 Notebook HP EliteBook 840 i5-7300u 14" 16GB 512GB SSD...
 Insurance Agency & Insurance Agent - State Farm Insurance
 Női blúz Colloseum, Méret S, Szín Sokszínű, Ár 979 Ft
----
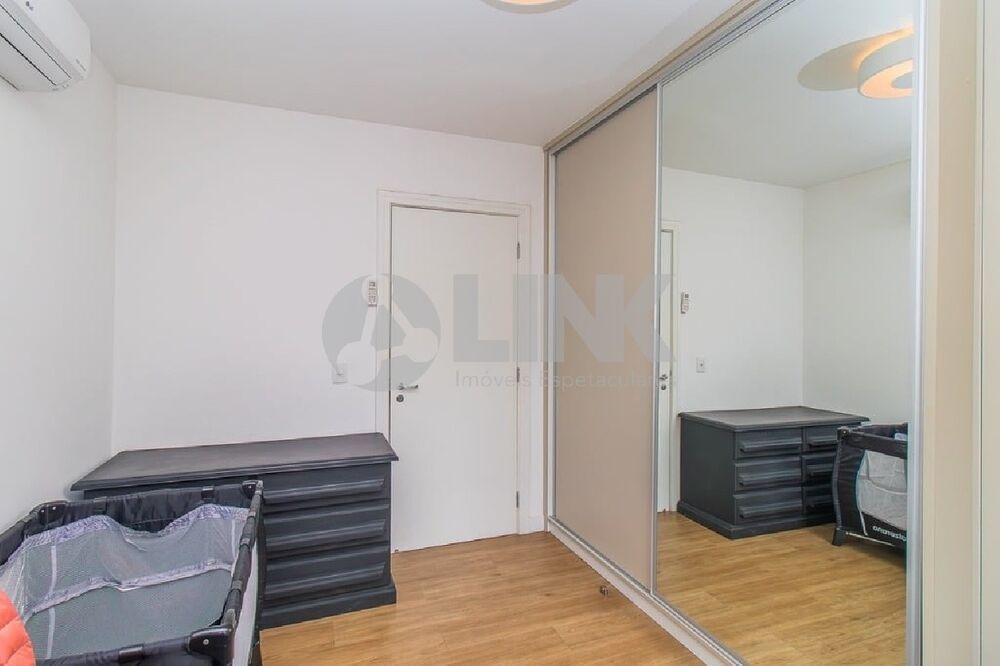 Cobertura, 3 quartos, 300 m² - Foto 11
----
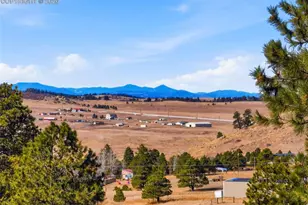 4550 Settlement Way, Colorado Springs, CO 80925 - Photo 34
----
▶ _What you will do_
Print, from the entries above, the line with "Notebook HP EliteBook", the line with "Női blúz Colloseum, Méret" and all lines between them, exactly and with nothing else.

▶ _Task answer_
 Notebook HP EliteBook 840 i5-7300u 14" 16GB 512GB SSD...
 Insurance Agency & Insurance Agent - State Farm Insurance
 Női blúz Colloseum, Méret S, Szín Sokszínű, Ár 979 Ft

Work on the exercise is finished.